The rise of business intelligence and business analytics to increase corporate performance and boost profits by crunching the behavior patterns of millions of consumers at a time, has spurred interest in super-large data-warehouses.
Nearly 15 petabytes of data are created every day, eight times more than the information in all the libraries in the U.S. Keep in mind that every web 2.0 company is ultimately a database company (Amazon, EBay, YouTube, Facebook, Yahoo, Google...)

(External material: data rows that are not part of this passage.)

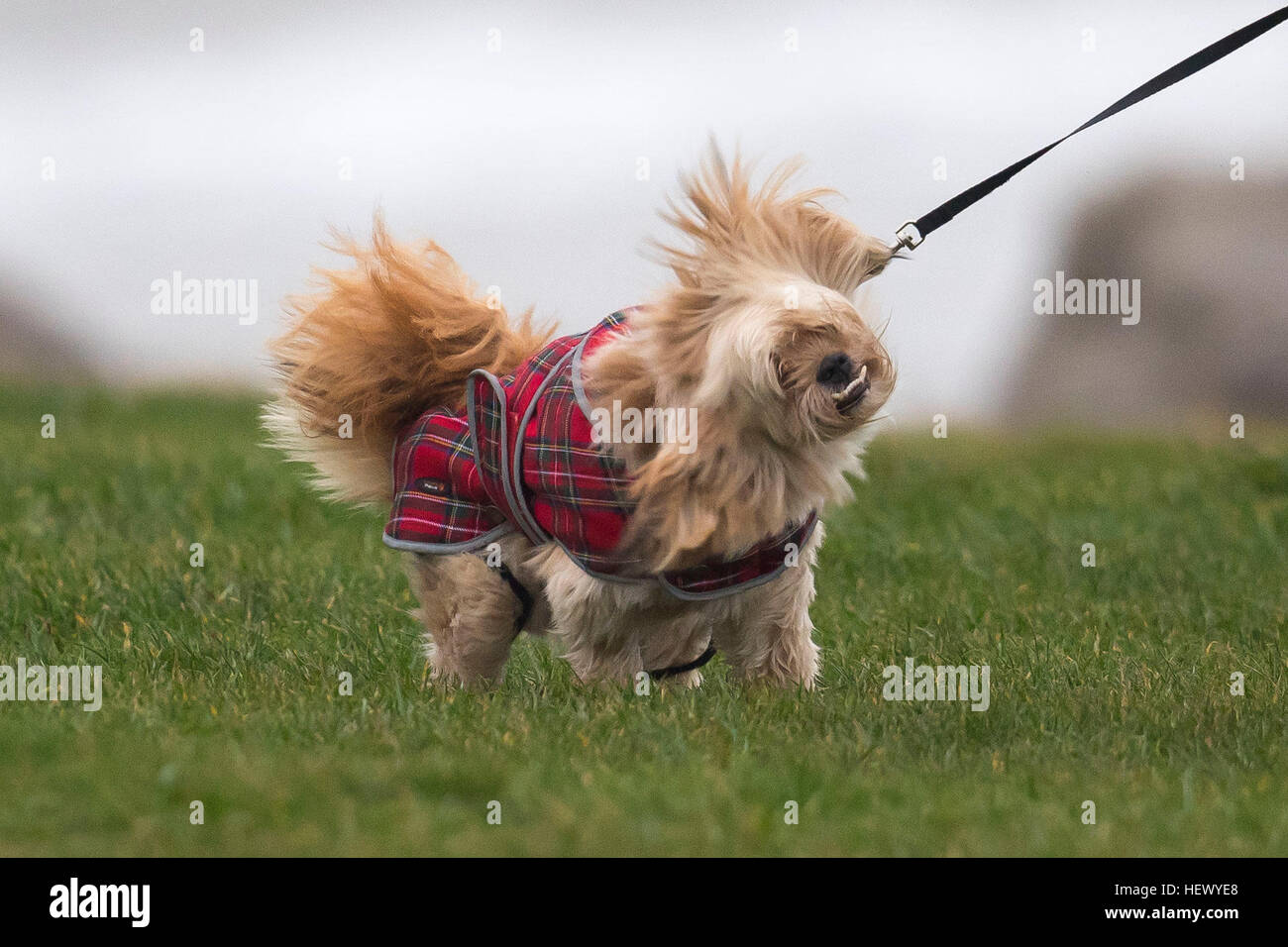 Un cane passeggiate in condizioni di vento forte in Porthcawl, nel Galles del Sud durante la tempesta Barbara. Un avviso meteo per tutto il Galles è stato rilasciato per il mezzogiorno con forti venti e piogge previsto. PIC Matteo Horwood Foto Stock
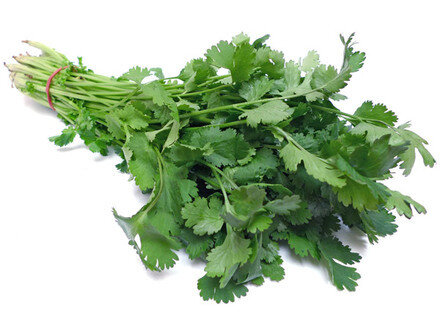 CORIANDER (BUNCH)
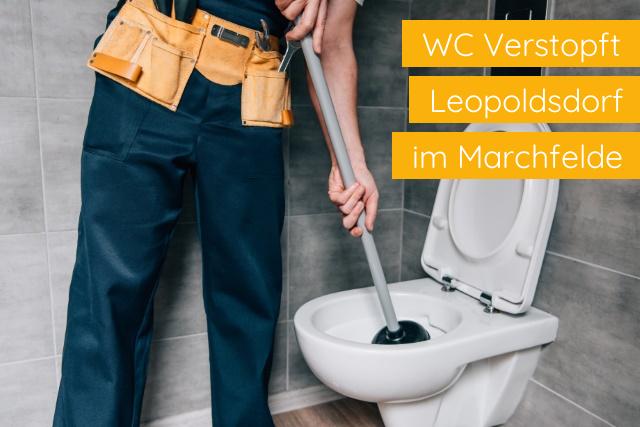 WC Verstopft Leopoldsdorf im Marchfelde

  • EBay Inc. reportedly operates databases that process 10 billion records per day and are also able to do deep business analysis. They collectively store more than 6 petabytes of data.
  • National Energy Research Scientific Computing Center, archives include 3.5 petabytes of atomic energy research data.
  • The World Data Centre for Climate in Hamburg, Germany, which has 220 terabytes of data
  • Internal Revenue Service's data warehouse is sized at about 150 terabytes.
  • Yahoo, Google, Facebook all run data-warehouses in petabytes !.
But did you know that...
  • The world's single-largest datawarehouse(Yahoo Inc.) (2 petabytes in size) runs a free and opensource engine (PostgreSQL) ?
  • Yahoo Inc's transactional databases are based on another free and opensource engine MySQL running on a free and opensource operationg system (FreeBSD)?
  • Facebook is running on 1,800 MySQL database servers, 10,000 Web servers, and 805 Memcached servers and they are all linux based (free) servers ?
  • Google's superfast search engine is based on free and opensource MySQL running on low cost PC's networked together into a grid?
  • YouTube's one billion views per day engine is based on free and opensource database engine, MySQL?
The reason behind this move cannot be far fetched, (Total Cost of Ownership !!!)

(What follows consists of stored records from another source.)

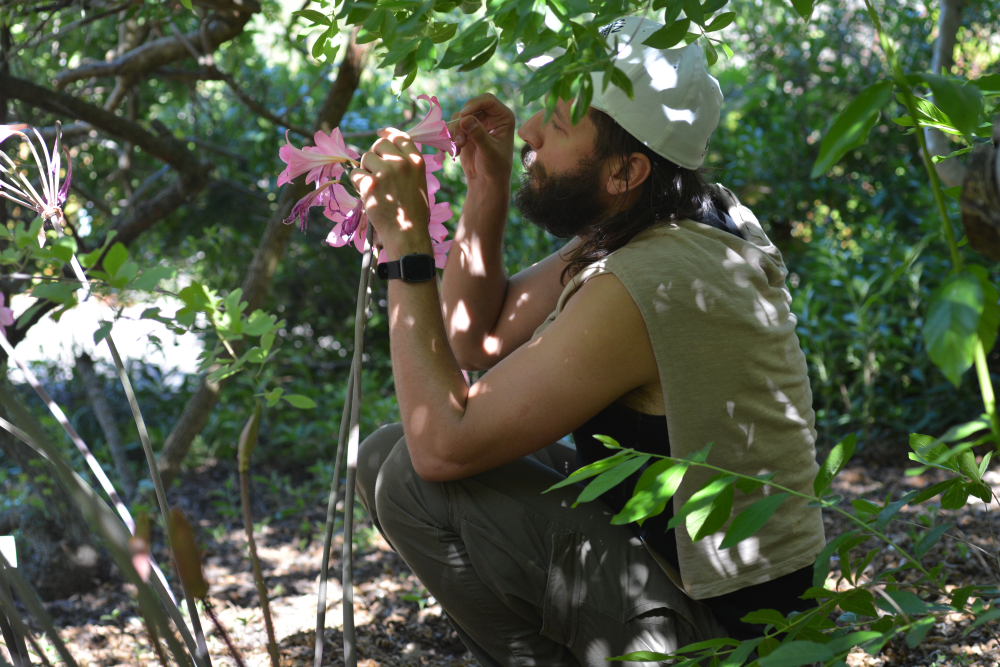 scientist uses narrow utensil to collect nectar from inside a flower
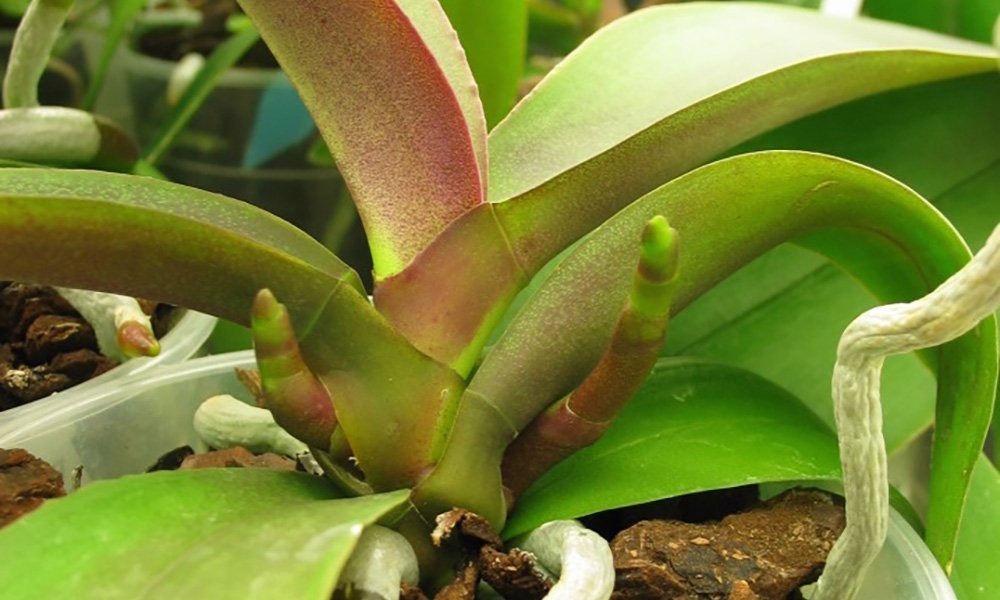 Plant reageert bij bloei op externe signalen als temperatuur en daglengte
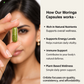 Moringa Oleifera Leaf Extract Capsules for Immunity & Nutrition
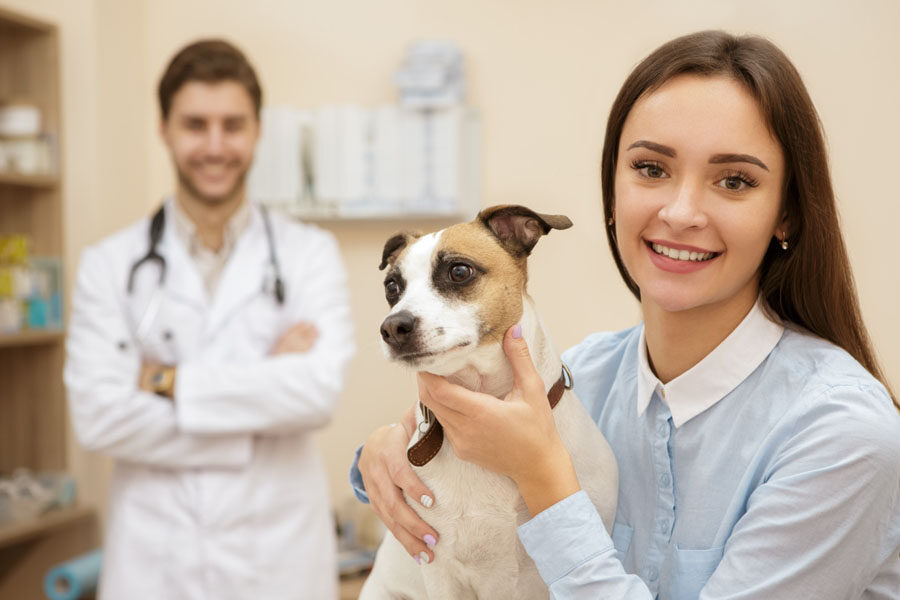 Top 6 Ways to Prepare Your Pet for Vet Visit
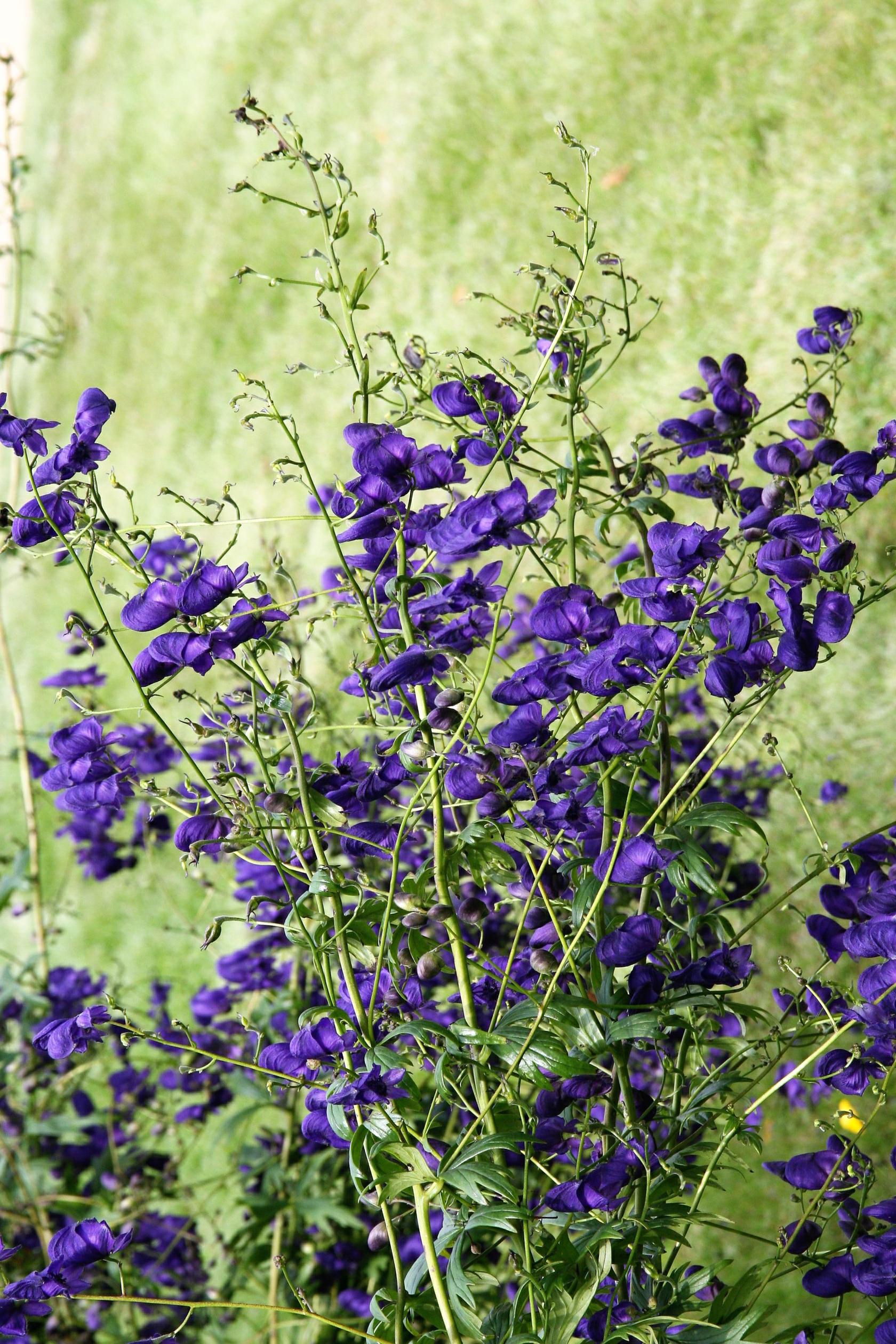 Aconitum henryi 'Spark'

In order for a business to make solid intelligent decisions, it needs large amount of data from various sources, which traditionally would trigger the need for a large data-warehouse on supercomputers, however these products in the market are super-expensive, these often throw the ROI for such intensions out of consideration.

  • Not only are the hardware needed for such initiative expensive, but the software pricing from the big vendors are huge !!
  • The fact that such pricing are usually proportional to the processing power of the hardware futher jeopardizes the business case.

Little wonder that companies with the largest amount of data around the world have had to be innovative enough to come up with counter-measures (lets just say alternatives !!)
Their answer to this challenge, total elimination; totally eliminate the super-expensive supercomputers and the super-expensive software.

Their approach:
  • Deploy a large number of small computers to form a grid or cluster.
  • Use free and open-source databases (its usually the component that costs the most) get support on bug-fixes via public forums.
  • Use highly redundant and cheap commodity components (added capacity becomes a low incremental cost)
  • Manage the cluster (grid) as a single unit (minimal amout of human resources needed to keep the solution up and running)